● Crawled caption data:
= = = = = = =
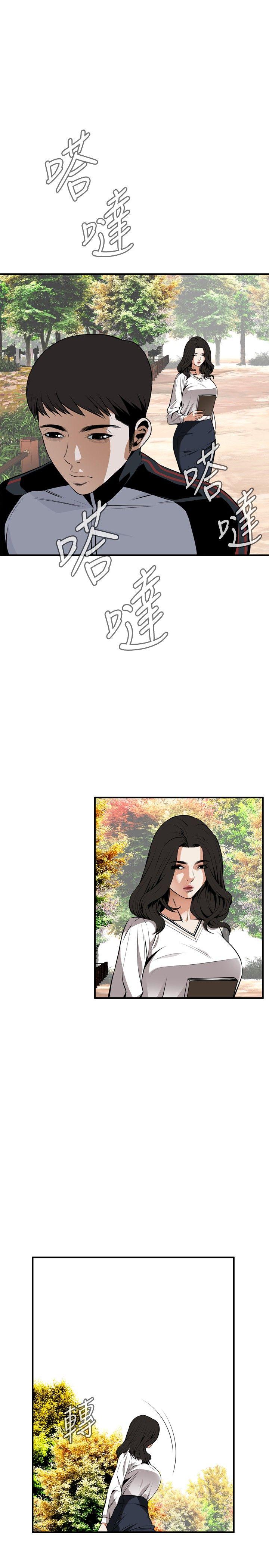 偷窥 第42話 第18页
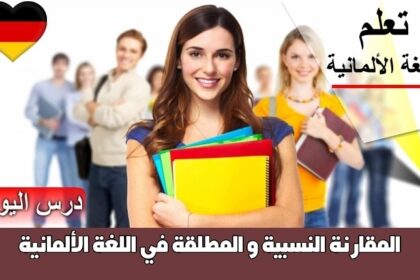 المقارنة النسبية و المطلقة في اللغة الألمانية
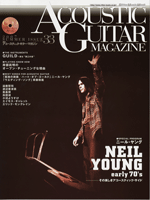 アコースティック・ギター・マガジン　Vol.33
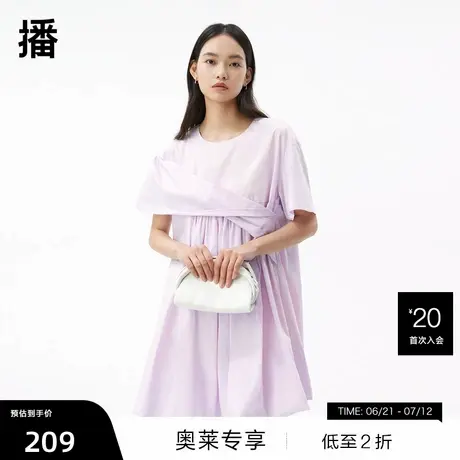 【播奥莱】播商场同款张力感扭结连衣裙女春秋气质裙子BDQ3LD0586图片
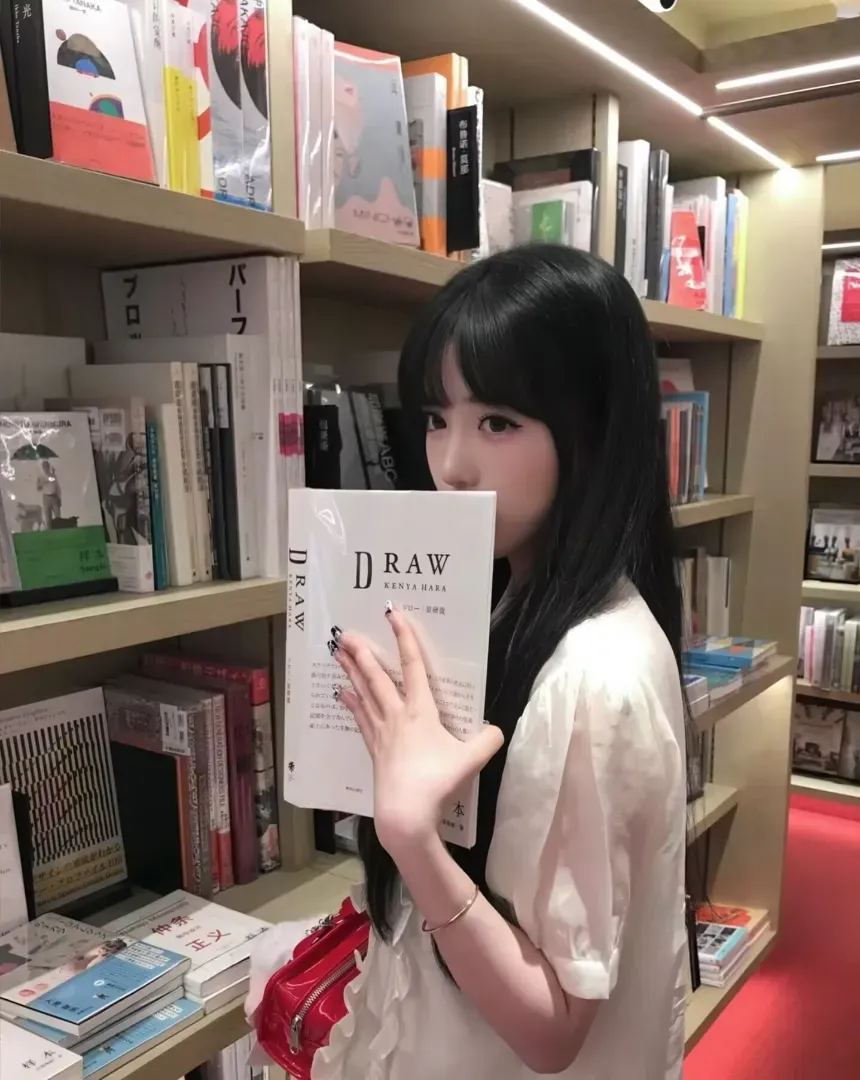 闵行极品清纯御姐 冰冰 Gallery 3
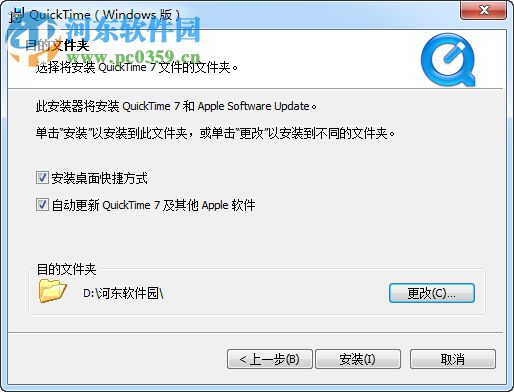 edius pro 9下载 中文版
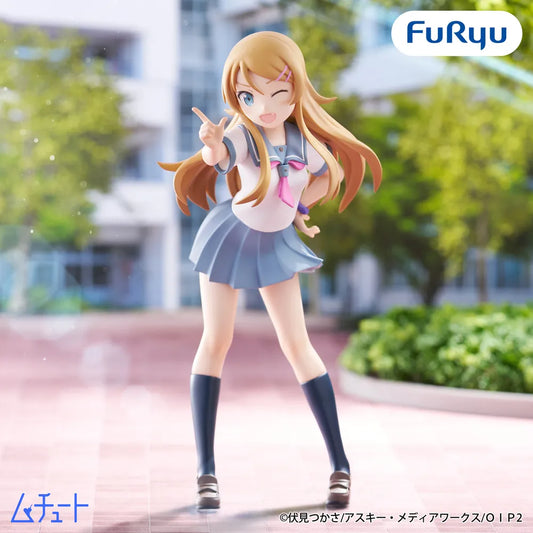 Oreimo Mutchuto Kousaka Kirino Furyu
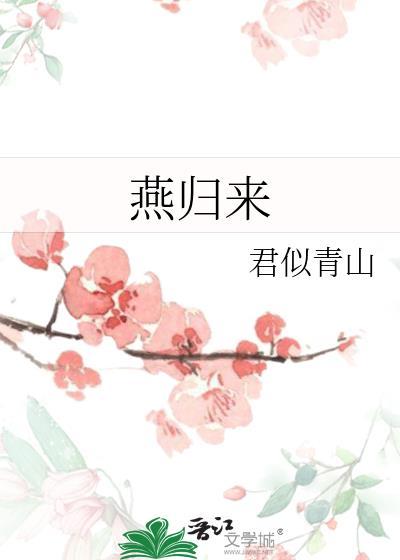 燕归来
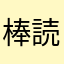 棒読みナンシー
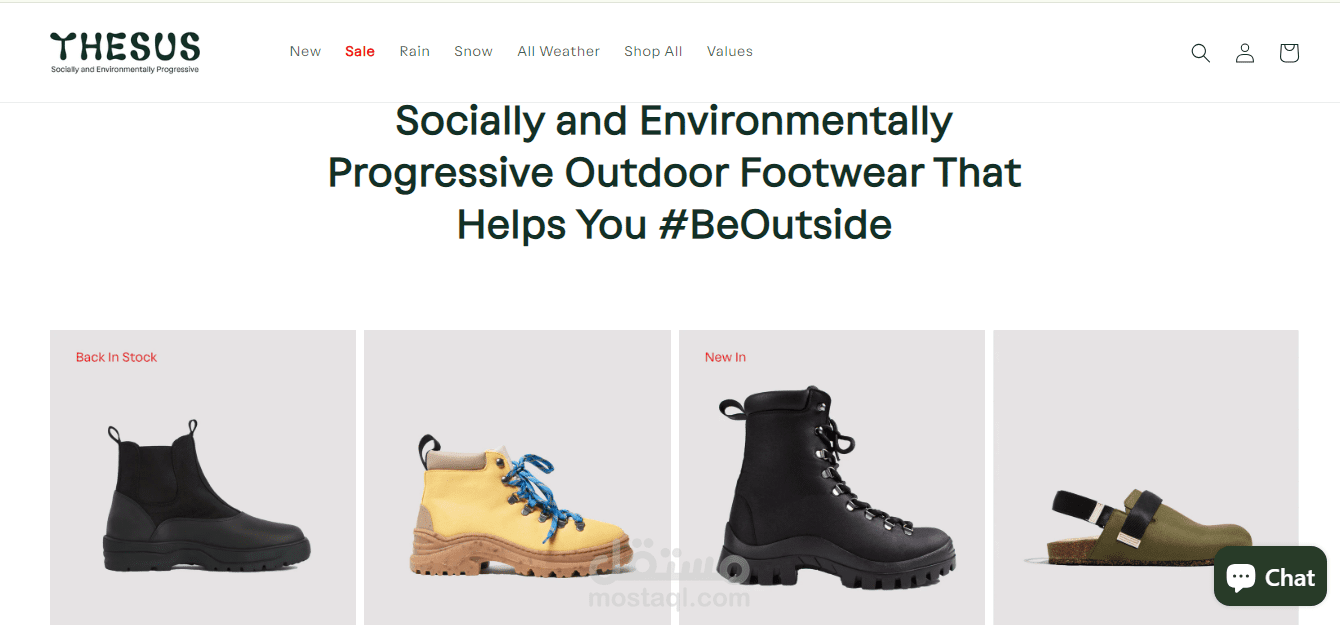 متجر thesusoutdoors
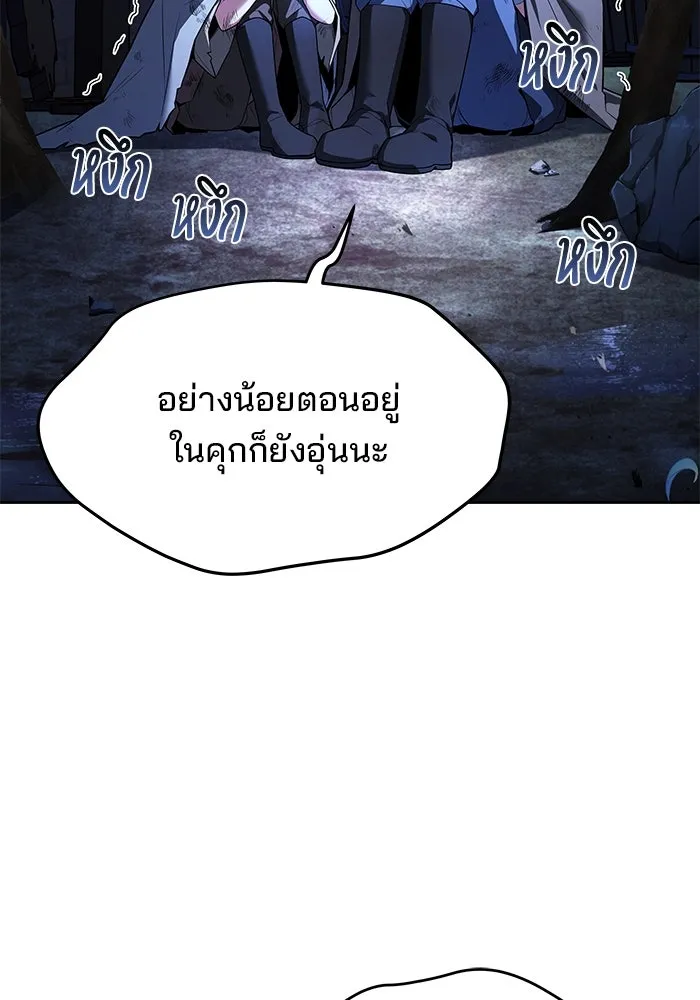 ครัวจอมเวท ตอนที่ 27 รูปที่ 121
= = = = = = =
● What is needed: Copy exactly the lines from the one containing "المقارنة النسبية و" through the last line of the records above, including both, and omit every picture.

● Response for this exercise:
 المقارنة النسبية و المطلقة في اللغة الألمانية
 アコースティック・ギター・マガジン　Vol.33
 【播奥莱】播商场同款张力感扭结连衣裙女春秋气质裙子BDQ3LD0586图片
 闵行极品清纯御姐 冰冰 Gallery 3
 edius pro 9下载 中文版
 Oreimo Mutchuto Kousaka Kirino Furyu
 燕归来
 棒読みナンシー
 متجر thesusoutdoors
 ครัวจอมเวท ตอนที่ 27 รูปที่ 121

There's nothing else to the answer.